• [STORED DATA]
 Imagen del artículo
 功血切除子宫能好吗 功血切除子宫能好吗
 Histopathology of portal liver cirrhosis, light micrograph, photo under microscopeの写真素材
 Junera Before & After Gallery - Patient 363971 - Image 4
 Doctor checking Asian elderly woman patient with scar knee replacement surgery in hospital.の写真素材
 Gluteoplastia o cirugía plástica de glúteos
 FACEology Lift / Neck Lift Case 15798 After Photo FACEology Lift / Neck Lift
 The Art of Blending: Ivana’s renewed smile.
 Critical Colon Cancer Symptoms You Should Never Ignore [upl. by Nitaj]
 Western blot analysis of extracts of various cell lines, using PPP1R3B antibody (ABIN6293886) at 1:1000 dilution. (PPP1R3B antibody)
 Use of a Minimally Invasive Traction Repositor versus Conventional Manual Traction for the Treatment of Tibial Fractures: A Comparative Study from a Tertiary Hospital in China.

• [WORK INSTRUCTIONS]
Restate, word for word, the final stretch of the entries above: the line containing "Western blot analysis" and every line after it, up to and including the last.

• [RESULT FOR THIS TASK]
 Western blot analysis of extracts of various cell lines, using PPP1R3B antibody (ABIN6293886) at 1:1000 dilution. (PPP1R3B antibody)
 Use of a Minimally Invasive Traction Repositor versus Conventional Manual Traction for the Treatment of Tibial Fractures: A Comparative Study from a Tertiary Hospital in China.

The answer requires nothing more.